# [Exercise directions]
From the records below, transcribe exactly the lines that begin at the line with "Close-up of a" and end at the line with "Olie Stone being", both included.

# [Data for review]
───

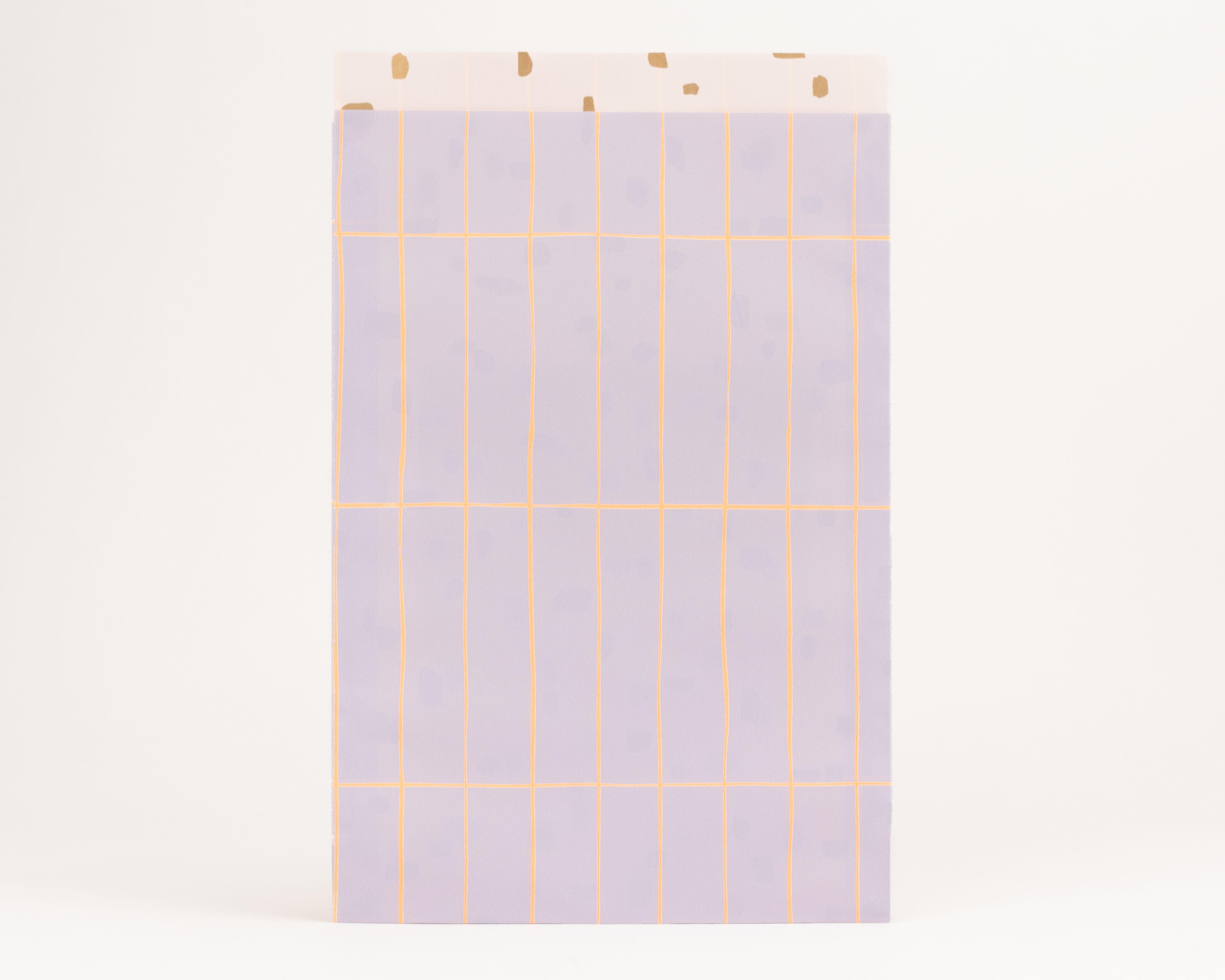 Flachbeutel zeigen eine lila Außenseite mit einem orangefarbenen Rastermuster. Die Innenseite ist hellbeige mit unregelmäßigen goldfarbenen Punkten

───

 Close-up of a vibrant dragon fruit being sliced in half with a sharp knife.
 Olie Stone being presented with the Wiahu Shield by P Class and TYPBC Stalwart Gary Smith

───

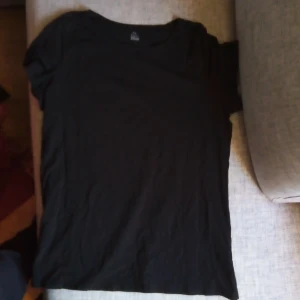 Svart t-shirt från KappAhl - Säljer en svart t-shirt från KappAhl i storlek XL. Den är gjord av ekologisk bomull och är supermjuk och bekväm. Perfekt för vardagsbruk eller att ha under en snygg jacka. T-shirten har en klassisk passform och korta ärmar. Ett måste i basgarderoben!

───

# [Your response]
 Close-up of a vibrant dragon fruit being sliced in half with a sharp knife.
 Olie Stone being presented with the Wiahu Shield by P Class and TYPBC Stalwart Gary Smith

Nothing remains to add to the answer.